- _WHAT YOU SHOULD DO_: Could you reproduce, from the records below, everything from the line with "Egy komondor miatt" down to the line with "Quadro Decorativo Canvas", keeping both of those lines and changing nothing?

- _SOURCE INFORMATION_:
┏━━
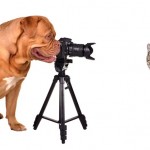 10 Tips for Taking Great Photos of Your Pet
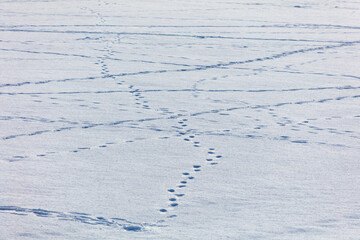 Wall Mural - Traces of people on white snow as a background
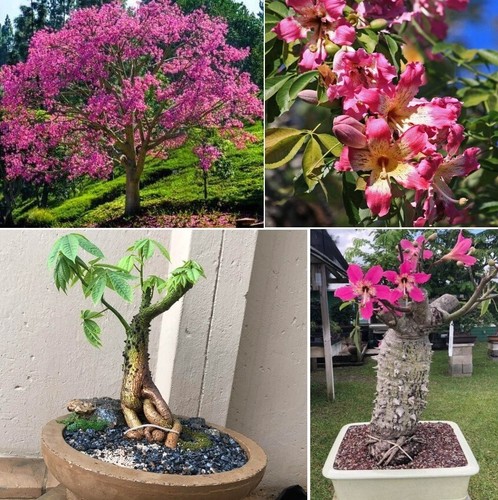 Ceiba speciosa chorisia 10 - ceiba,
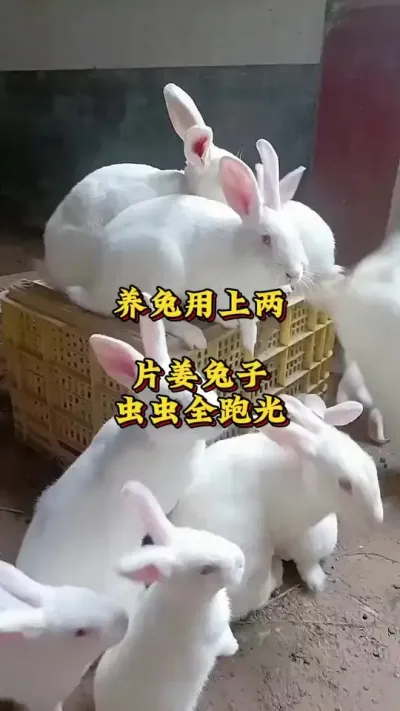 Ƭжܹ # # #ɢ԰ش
┗━━
┏━━
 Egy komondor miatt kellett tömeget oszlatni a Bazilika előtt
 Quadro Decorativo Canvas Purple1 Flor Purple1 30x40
┗━━
- _OUTPUT FOR THIS EXERCISE_:
 Egy komondor miatt kellett tömeget oszlatni a Bazilika előtt
 Quadro Decorativo Canvas Purple1 Flor Purple1 30x40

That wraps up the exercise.